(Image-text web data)
▼
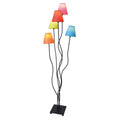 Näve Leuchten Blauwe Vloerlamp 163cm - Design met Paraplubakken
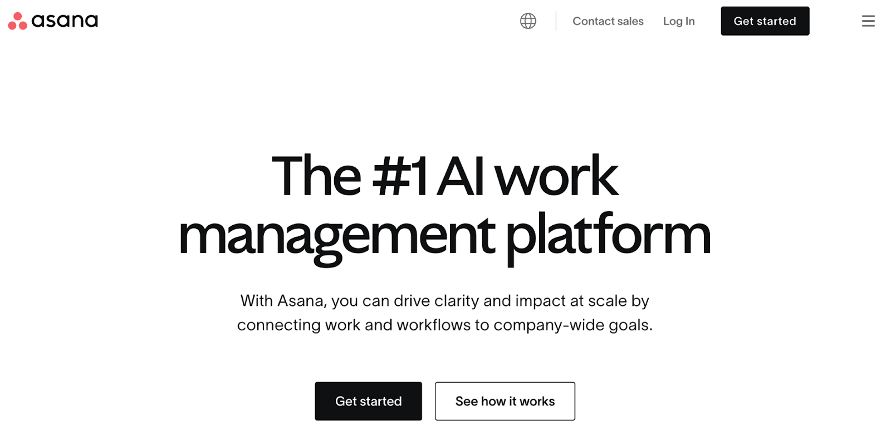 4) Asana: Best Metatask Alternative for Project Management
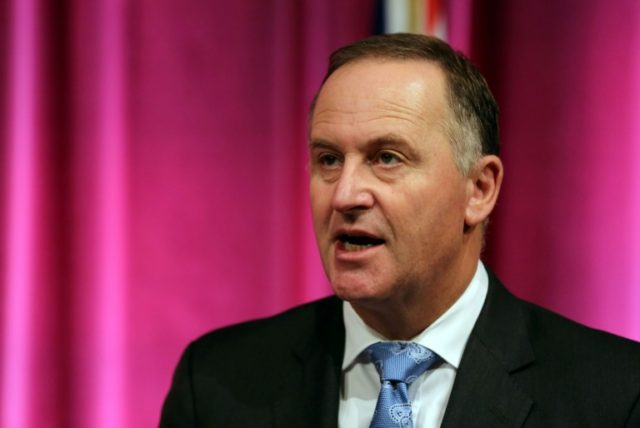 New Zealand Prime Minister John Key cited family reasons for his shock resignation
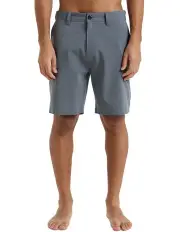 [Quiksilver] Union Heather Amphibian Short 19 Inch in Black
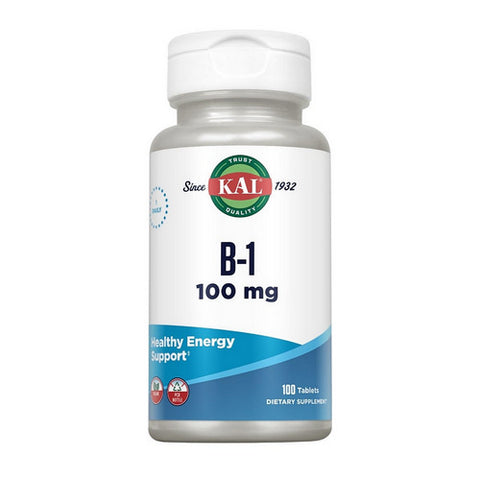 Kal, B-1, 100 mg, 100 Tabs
▲
▼
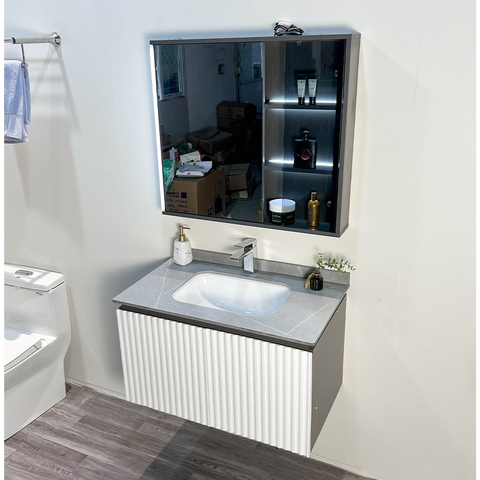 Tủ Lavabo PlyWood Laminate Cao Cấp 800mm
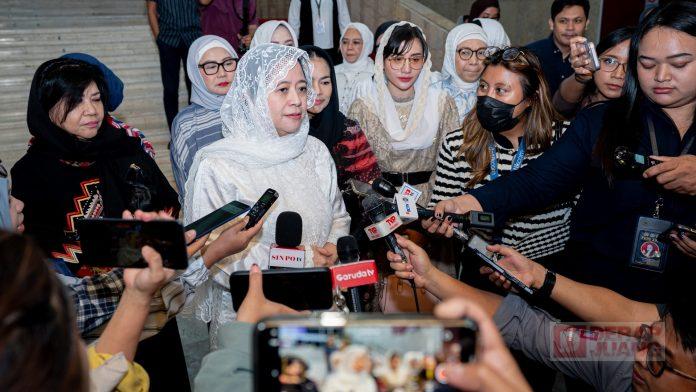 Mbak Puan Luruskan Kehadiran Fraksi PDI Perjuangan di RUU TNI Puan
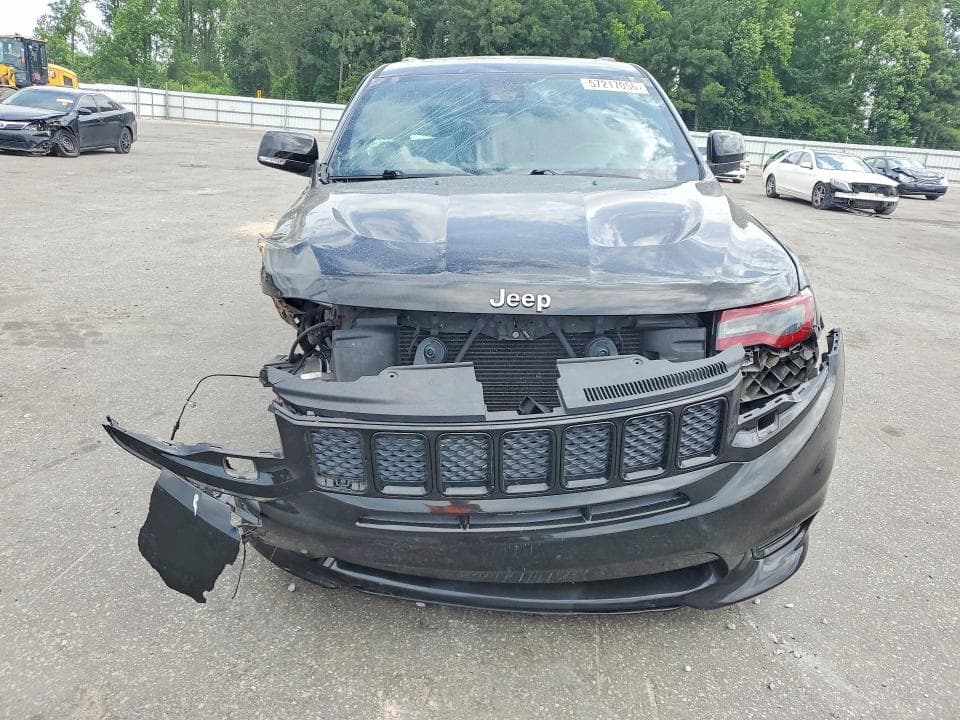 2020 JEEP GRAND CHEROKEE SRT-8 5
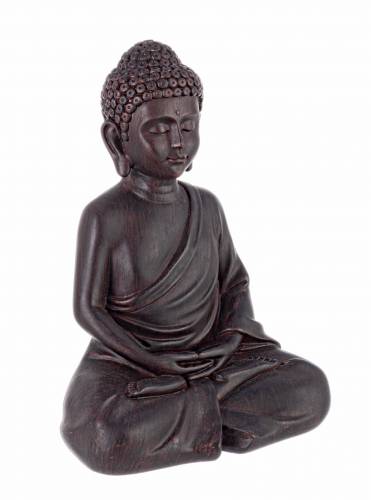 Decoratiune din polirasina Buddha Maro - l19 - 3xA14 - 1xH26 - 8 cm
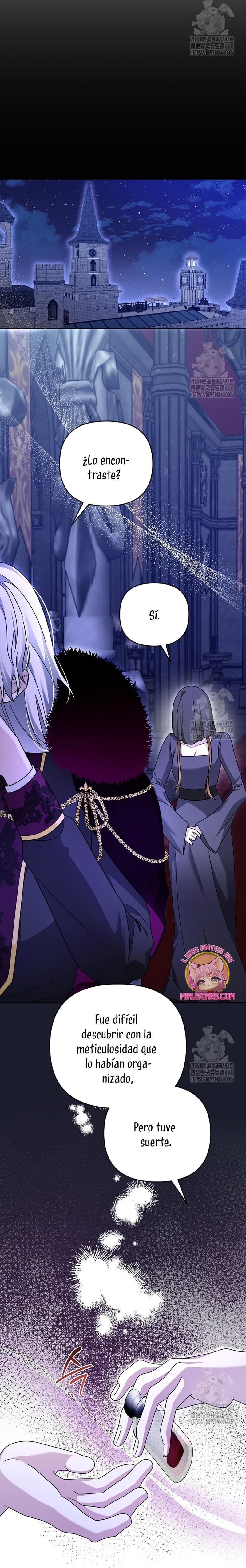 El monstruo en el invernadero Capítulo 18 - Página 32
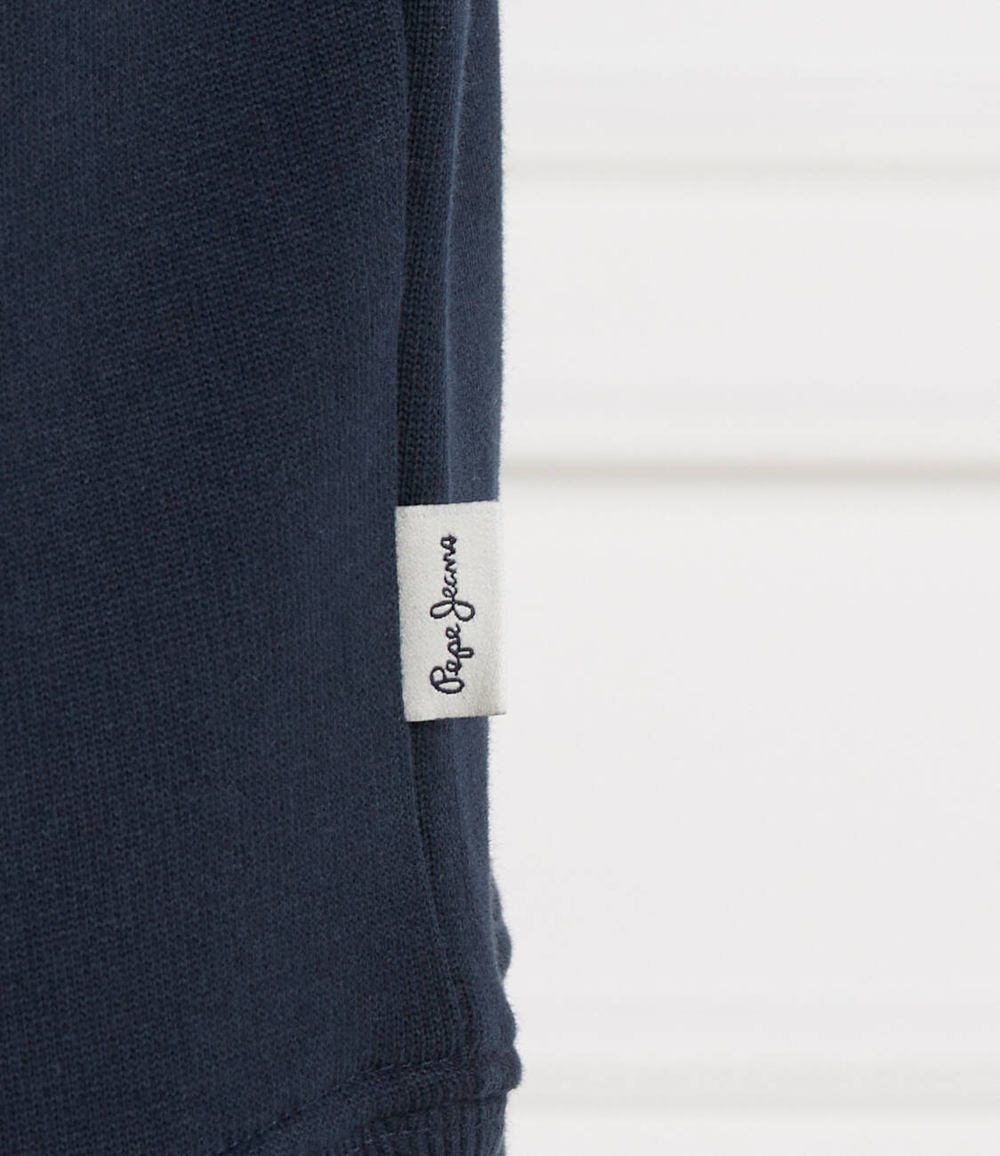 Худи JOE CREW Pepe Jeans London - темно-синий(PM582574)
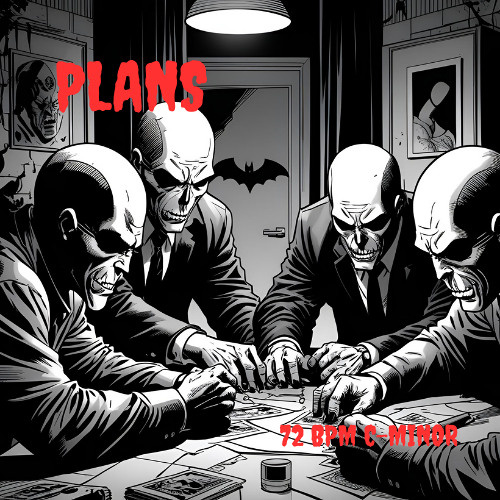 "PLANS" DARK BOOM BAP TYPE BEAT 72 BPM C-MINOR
▲
* WORK REQUIRED *
Among the entries above, find the line with "Mbak Puan Luruskan" and repeat exactly from there through the line with "72 BPM C-MINOR", leaving out the pictures.

* SOLUTION TO THIS TASK *
 Mbak Puan Luruskan Kehadiran Fraksi PDI Perjuangan di RUU TNI Puan
 2020 JEEP GRAND CHEROKEE SRT-8 5
 Decoratiune din polirasina Buddha Maro - l19 - 3xA14 - 1xH26 - 8 cm
 El monstruo en el invernadero Capítulo 18 - Página 32
 Худи JOE CREW Pepe Jeans London - темно-синий(PM582574)
 "PLANS" DARK BOOM BAP TYPE BEAT 72 BPM C-MINOR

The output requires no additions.